+++ Dataset records +++
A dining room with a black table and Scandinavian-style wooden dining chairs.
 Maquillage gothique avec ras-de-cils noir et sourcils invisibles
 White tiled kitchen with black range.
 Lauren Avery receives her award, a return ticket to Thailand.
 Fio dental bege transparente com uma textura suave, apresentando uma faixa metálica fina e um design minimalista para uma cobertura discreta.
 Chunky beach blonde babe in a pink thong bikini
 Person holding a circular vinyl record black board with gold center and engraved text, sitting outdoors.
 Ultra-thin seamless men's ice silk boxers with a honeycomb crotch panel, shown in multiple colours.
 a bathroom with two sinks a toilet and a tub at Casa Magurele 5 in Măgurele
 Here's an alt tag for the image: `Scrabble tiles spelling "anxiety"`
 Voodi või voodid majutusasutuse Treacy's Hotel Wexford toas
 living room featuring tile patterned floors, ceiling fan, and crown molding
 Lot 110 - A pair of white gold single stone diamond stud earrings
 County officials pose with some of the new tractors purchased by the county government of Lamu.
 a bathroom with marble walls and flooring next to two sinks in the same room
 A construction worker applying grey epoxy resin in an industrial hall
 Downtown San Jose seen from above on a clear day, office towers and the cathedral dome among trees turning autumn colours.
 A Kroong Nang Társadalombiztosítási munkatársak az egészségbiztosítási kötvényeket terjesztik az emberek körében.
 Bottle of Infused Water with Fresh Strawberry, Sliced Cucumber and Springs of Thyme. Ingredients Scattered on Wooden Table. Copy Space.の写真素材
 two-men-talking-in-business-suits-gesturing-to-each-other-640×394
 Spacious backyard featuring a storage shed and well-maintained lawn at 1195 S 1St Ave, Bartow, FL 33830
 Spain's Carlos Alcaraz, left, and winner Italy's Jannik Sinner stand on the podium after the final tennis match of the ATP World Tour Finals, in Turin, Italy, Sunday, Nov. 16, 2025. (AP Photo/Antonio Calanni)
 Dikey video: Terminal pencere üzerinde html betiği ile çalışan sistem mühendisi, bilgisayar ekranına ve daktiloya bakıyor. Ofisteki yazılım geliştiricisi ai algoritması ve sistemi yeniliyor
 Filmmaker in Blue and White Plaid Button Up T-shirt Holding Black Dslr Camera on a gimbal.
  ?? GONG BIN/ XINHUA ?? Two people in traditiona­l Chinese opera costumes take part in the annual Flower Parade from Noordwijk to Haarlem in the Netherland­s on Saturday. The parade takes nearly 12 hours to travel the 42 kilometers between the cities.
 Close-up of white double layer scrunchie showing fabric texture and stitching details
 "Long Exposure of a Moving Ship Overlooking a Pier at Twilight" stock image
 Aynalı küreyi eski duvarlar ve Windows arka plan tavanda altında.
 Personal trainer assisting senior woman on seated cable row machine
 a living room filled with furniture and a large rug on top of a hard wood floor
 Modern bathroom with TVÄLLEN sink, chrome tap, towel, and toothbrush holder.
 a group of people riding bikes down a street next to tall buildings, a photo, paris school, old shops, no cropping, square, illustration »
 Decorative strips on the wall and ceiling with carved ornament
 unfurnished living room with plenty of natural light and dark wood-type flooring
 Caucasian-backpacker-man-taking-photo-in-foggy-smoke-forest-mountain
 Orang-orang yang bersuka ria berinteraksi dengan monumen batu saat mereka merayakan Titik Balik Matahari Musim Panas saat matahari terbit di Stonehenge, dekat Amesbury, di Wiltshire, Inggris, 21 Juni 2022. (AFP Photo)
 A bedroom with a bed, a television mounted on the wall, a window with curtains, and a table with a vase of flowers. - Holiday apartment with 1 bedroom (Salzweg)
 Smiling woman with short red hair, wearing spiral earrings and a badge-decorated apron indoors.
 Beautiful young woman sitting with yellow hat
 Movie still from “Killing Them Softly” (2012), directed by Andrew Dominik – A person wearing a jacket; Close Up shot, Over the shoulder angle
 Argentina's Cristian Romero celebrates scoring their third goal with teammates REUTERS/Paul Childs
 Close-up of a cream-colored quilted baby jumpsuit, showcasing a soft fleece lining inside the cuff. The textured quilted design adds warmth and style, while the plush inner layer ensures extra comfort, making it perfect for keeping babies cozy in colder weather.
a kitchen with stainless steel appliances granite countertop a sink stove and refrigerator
+++
Task requirements:
For this task, write out exactly the lines of the entries above, starting at the line with "Lot 110 - A" and ending at the line with "A construction worker", both included, and no others.

Exercise solution:
 Lot 110 - A pair of white gold single stone diamond stud earrings
 County officials pose with some of the new tractors purchased by the county government of Lamu.
 a bathroom with marble walls and flooring next to two sinks in the same room
 A construction worker applying grey epoxy resin in an industrial hall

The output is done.